A look at rsync performance

Posted Aug 19, 2010 19:31 UTC (Thu) by pj (subscriber, #4506) [Link]

One advantage is that it's easily modified to work over ssh:

tar cf - . | ssh user@remote "cd /dest/dir; tar xf -)

or

(ssh user@remote "cd /src/dir ; tar cf - . ") | (cd /dest/dir; tar xf -)

A look at rsync performance

Posted Aug 20, 2010 11:53 UTC (Fri) by NAR (subscriber, #1313) [Link]

A 'cp' command can also be easily modified to work over the network, just add an 's' to the front of 'cp' :-)

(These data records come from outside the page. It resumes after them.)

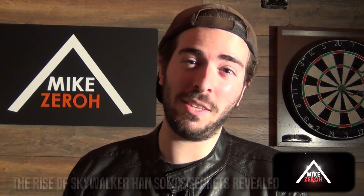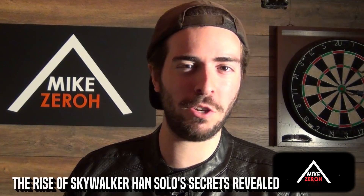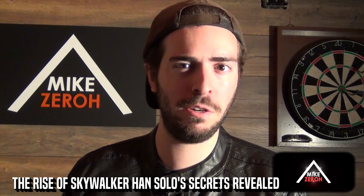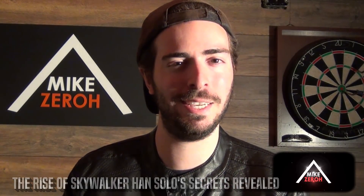Star Wars: The Rise of Skywalker is said to have many different surprises, according to writer and director J.J. Abrams and Chris Terrio. This is Mike Zero. If you guys are new to the channel, do make sure to subscribe to see future Star Wars content.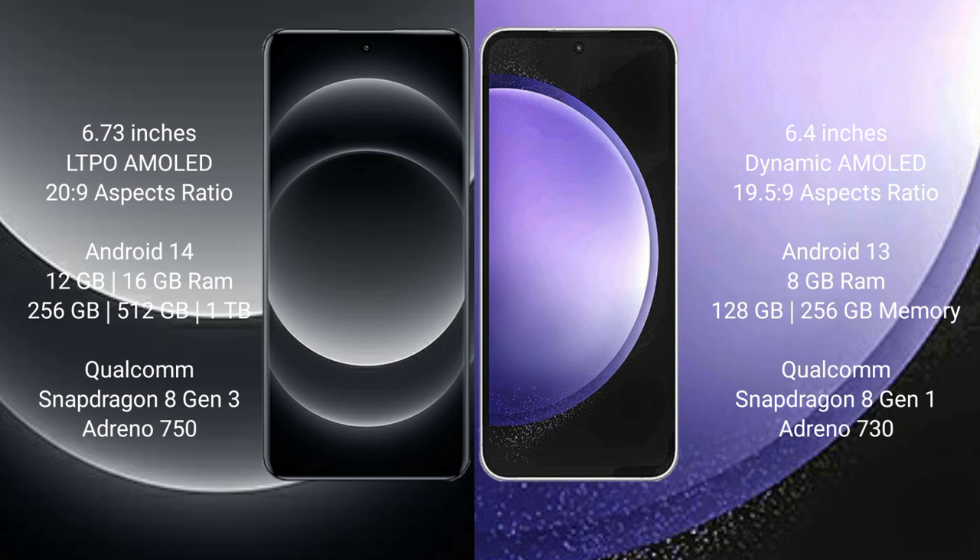Xiaomi 14 Ultra comes with 12GB or 16GB RAM and 256GB, 512GB, or 1TB internal storage, powered by a Qualcomm Snapdragon 8 Gen 3 processor with an Adreno 750 GPU.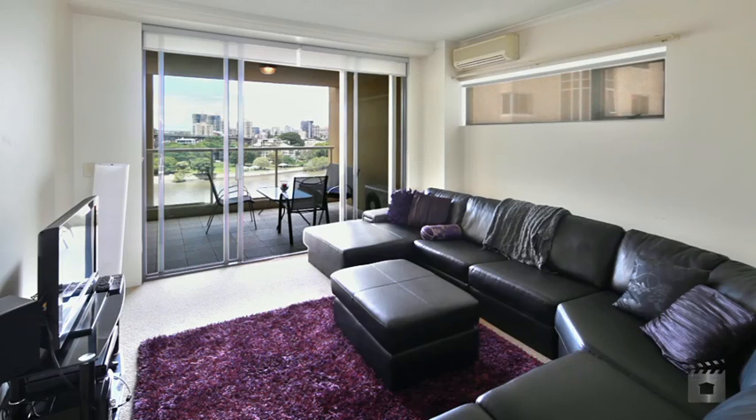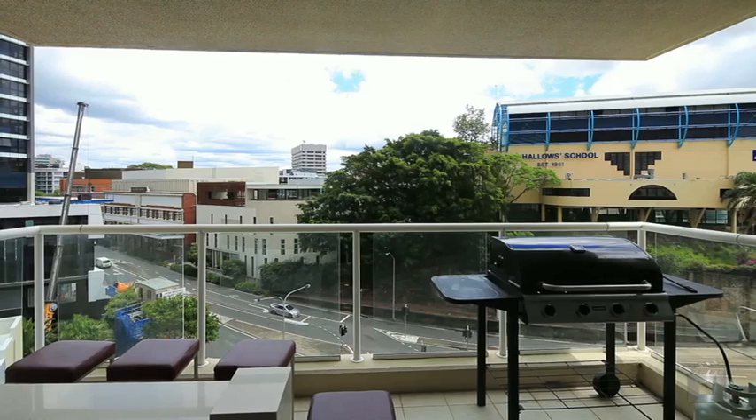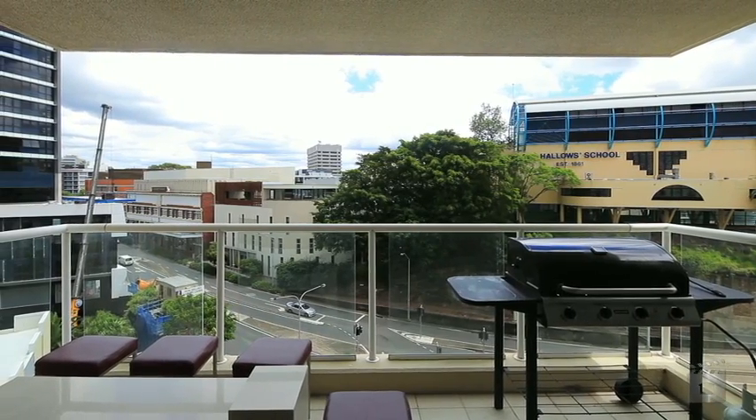Currently an investment property, this apartment is leased until May 2012 at a rental amount of $580 per week.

A look at rsync performance

Posted Aug 20, 2010 12:28 UTC (Fri) by dsommers (subscriber, #55274) [Link]

True ... but if you have a lot of files, especially smaller files, the tar path with ssh is way faster than scp. Try copying a git repository (~2-3MB) from one site to another site. My experiences is that tar+ssh beats scp significantly.

A look at rsync performance

Posted Aug 20, 2010 14:52 UTC (Fri) by spaetz (subscriber, #32870) [Link]

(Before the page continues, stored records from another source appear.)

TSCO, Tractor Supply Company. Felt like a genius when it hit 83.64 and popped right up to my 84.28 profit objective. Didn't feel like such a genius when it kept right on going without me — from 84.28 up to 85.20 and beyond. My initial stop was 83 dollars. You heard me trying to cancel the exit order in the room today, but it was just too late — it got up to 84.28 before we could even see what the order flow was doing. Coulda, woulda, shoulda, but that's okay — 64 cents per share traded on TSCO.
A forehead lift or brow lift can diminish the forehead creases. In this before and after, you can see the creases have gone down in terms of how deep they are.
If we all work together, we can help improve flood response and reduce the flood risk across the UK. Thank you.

> but if you have a lot of files, especially smaller files, the tar path with ssh is way faster than scp. Try copying a git repository (~2-3MB) from one site to another site. My experiences is that tar+ssh beats scp significantly.

Only because you open a new ssh connection per file by default and tar+ssh opens only one. Which causes lots of overhead. If you reuse your ssh connection scp will be fast as well:
http://www.debian-administration.org/articles/290

A look at rsync performance

Posted Aug 21, 2010 2:05 UTC (Sat) by dmag (subscriber, #17775) [Link]

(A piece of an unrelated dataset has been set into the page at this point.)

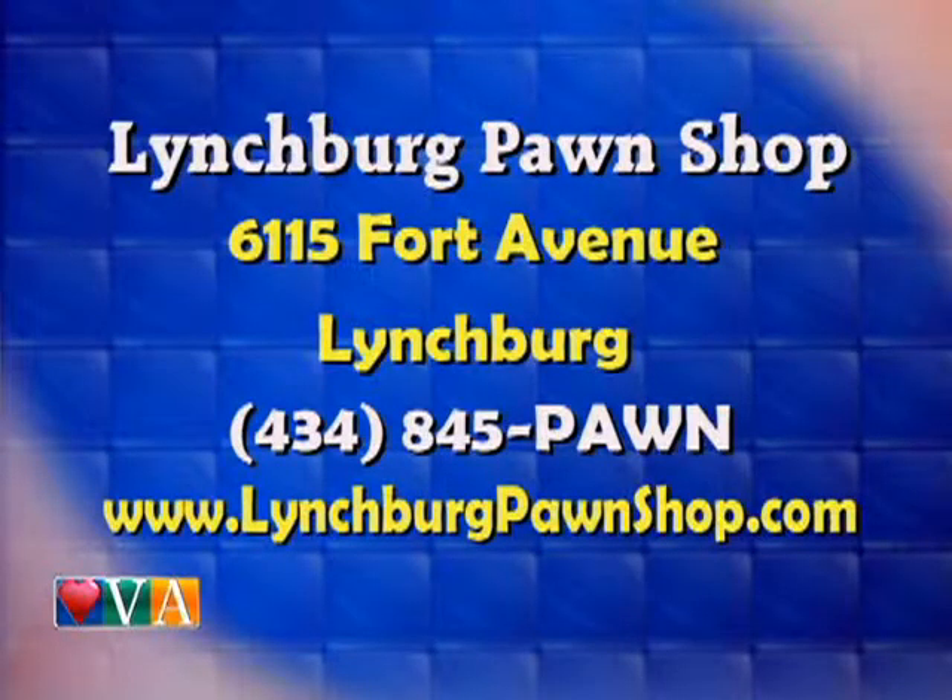To find out more about pawning or the items they have in the store, go to Lynchburg Pawn Shop on Ford Avenue in Lynchburg, call 434-845-PAWN, or visit lynchburgpawnshop.com.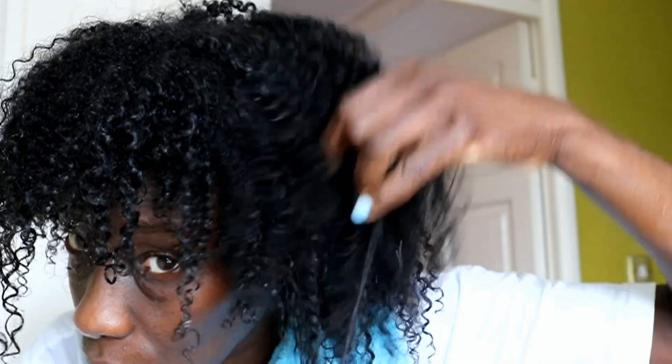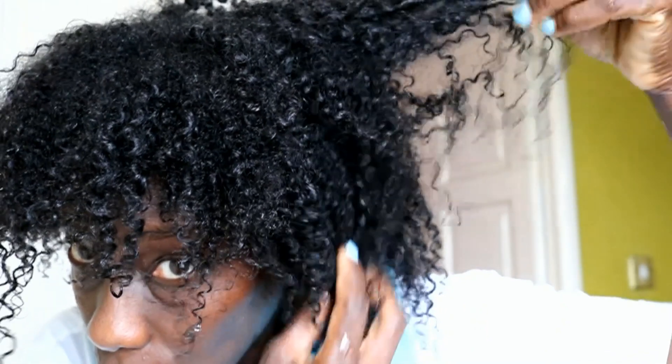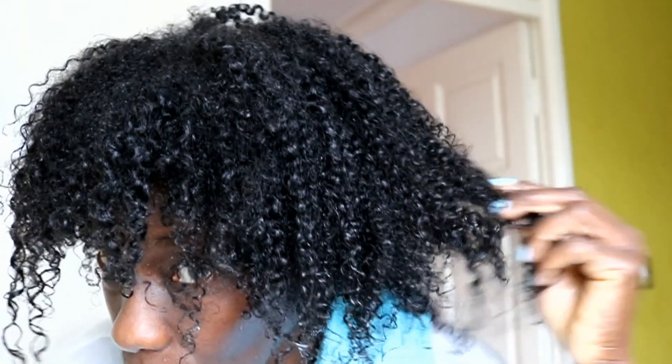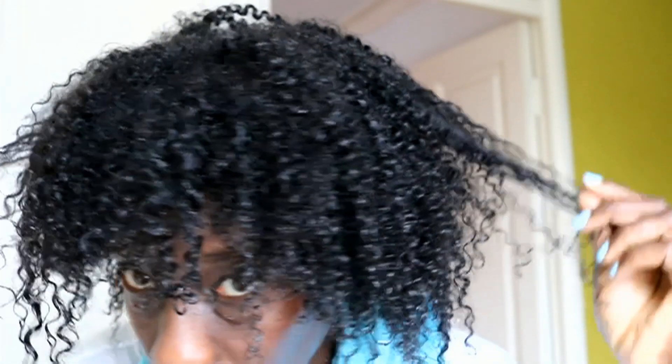I'm grateful for having discovered this and thankful for everyone on YouTube who uploads these types of videos to educate people like me. This is the final result — you can see my curls are really really defined, my hair looks and feels rich and soft. Thanks for watching guys, I hope to see you soon in the next video — bye for now!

No, scp can't copy symlinks.

A look at rsync performance

Posted Aug 24, 2010 20:01 UTC (Tue) by BackSeat (subscriber, #1886) [Link]

No need for all the "cd" commands:
tar -C /src/dir -cf - . | tar -C /dest/dir -xf -

A look at rsync performance

Posted Aug 19, 2010 21:08 UTC (Thu) by evgeny (guest, #774) [Link]

There is one thing tar and cp -a do differently, which, depending on what you do could be either a feature or a misfeature. tar tries to restore files according to _literal_ names of the owner (if they exist; and they do by default). This can be overridden with the --numeric-owner flag. E.g. if you forget to specify this flag and untar a backup of a virtual container from the host, you'll end up with a mess of file ownerships. Was bitten by this once...

A look at rsync performance

Posted Aug 25, 2010 3:09 UTC (Wed) by roelofs (guest, #2599) [Link]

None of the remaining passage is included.